Capítulo 4 – Quando os espelhos sangram

A noite havia mergulhado o templo em sombras espessas. Rayhna permanecia imóvel diante do altar, os olhos semicerrados, como se escutasse algo que vinha do fundo da terra. Lucien dormia em um sono inquieto, recostado nas escadas de pedra que levavam à cripta. Nyx havia partido horas antes, mas suas palavras ainda reverberavam como lâminas finas no ar.

“Você precisa estar disposta a sangrar por eles.”

Mas e se o sangue que precisasse ser derramado não fosse o dela?

Rayhna abriu os olhos lentamente. Estavam vermelhos como vinho derramado. Não era apenas fúria — era conexão. A fome da Deusa começava a ressoar através dela. Seus sentidos estavam mais aguçados. Ela sentia as rachaduras nas pedras sob seus pés, ouvia os sussurros da umidade escorrendo pelas paredes. E, principalmente, sentia os olhos.

Os que observavam do outro lado do véu.

Levantou-se devagar, deslizando os dedos pelo pedestal do altar. Um espelho antigo estava ali. Rachado. Manchado por séculos de esquecimento. Mas agora, ele brilhava. Não com luz. Com movimento.

Reflexos que não correspondiam ao presente.

Rayhna viu a si mesma — não como era agora, mas como estivera séculos atrás. Vestida com trajes do século XVII, a pele ainda pálida, mas os olhos... caramelo. Eram seus olhos de antes. Antes da queda. Antes do pacto. Antes da dor. Atrás dela, Lucien — o mesmo de sempre, mas mais jovem, mais esperançoso.

O reflexo sorriu para ela. Mas Rayhna não sorriu de volta.

Porque o reflexo não a imitava.

— Lucien — chamou, sua voz baixa, mas afiada como uma adaga.

Ele despertou num salto. O suor escorria por sua testa. O relicário que mantinha próximo do corpo havia começado a vibrar novamente.

— O que foi? — perguntou, ainda sem fôlego.

Ela apontou para o espelho.

— Ele está ativo.

Lucien se aproximou, e seu rosto empalideceu.
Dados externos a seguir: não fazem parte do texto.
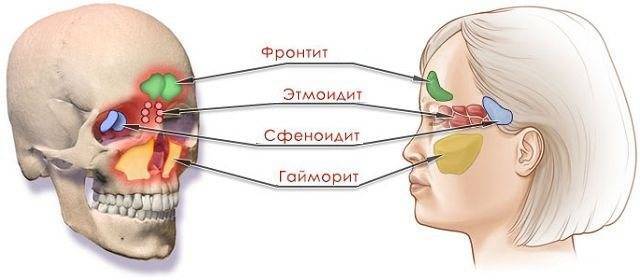 Сфеноидит у взрослых: что это за болезнь, признаки, симптомы, лечение, причины. как лечить сфеноидит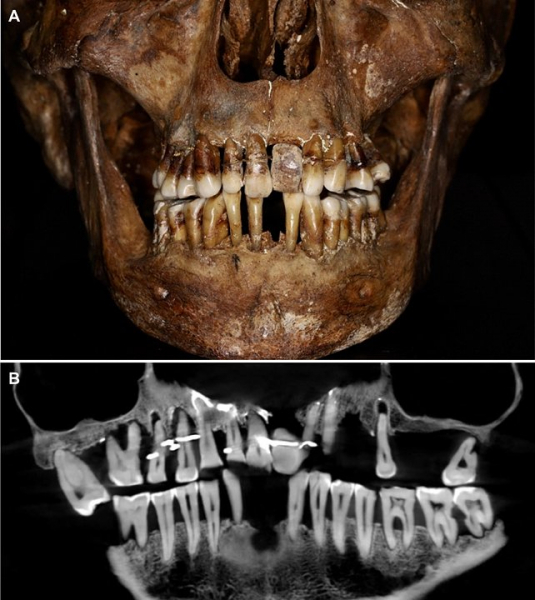 Зубные протезы 17-го века спасли репутацию многих французских аристократов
A imagem refletida era diferente da que via ao lado.

No espelho, Rayhna o olhava com ternura. No presente, ela estava imóvel.

— Isso é... isso sou eu? — perguntou ele.

Rayhna assentiu.

— Mas não é agora. É uma versão de nós que poderia ter existido. Ou que ainda pode.

Lucien estendeu a mão, tocando o espelho. O vidro estalou sob seu dedo, como se vivo. E então, sangue. Uma gota escorreu da superfície e caiu no chão, ardendo como fogo.

— Os espelhos estão sangrando — sussurrou Rayhna. — As versões se cruzam. E quando isso acontece... a realidade se rompe.

Lucien recuou.

— Isso foi um aviso.

Ela concordou.

— Ou uma promessa.

Ao fundo, uma nova rachadura surgiu no espelho. E então, outra imagem: Nyx, diante de um lago negro, cercada por símbolos flutuantes. Seus olhos estavam fechados, mas seus lábios se moviam em encantamento. Atrás dela, uma figura encapuzada com olhos brancos brilhando no escuro.

A Deusa estava próxima.

— Precisamos encontrar o próximo selo — disse Rayhna. — Antes que ela chegue primeiro.

Lucien caminhava de um lado para o outro.

— Nyx disse que um está em um lugar onde ninguém quer voltar. Você sabe onde é, não sabe?

Rayhna hesitou.

— Sim. É o lugar onde fui traída pela primeira vez. Onde você disse que me amava... e depois me entregou.

Lucien travou a respiração. Lembrava da vila. Da multidão. Do cheiro de madeira queimada. Lembrava dos olhos de Rayhna quando ela foi arrastada — olhos que não eram de medo, mas de desprezo.

— Lá... ainda existe?

— Existe em ruínas. Mas os símbolos permanecem. E se o selo está lá, ela também pode estar.

Lucien ergueu o relicário.

— Isso nos levará até lá?

Rayhna negou com a cabeça.

— Isso apenas nos condenará se cair em mãos erradas.

Na manhã seguinte, partiram. A floresta parecia observá-los em silêncio absoluto. Nenhum animal, nenhum vento, nenhum som. Apenas a certeza de que a cada passo, os espelhos do tempo se curvavam um pouco mais.

Rayhna mantinha os olhos firmes à frente. Mas em sua mente, cada reflexo era uma ameaça. Cada possibilidade distorcida, um risco para os filhos que escondia. Se a Deusa visse o que foi criado... ela não hesitaria.

E o espelho... já havia sangrado demais para ser ignorado.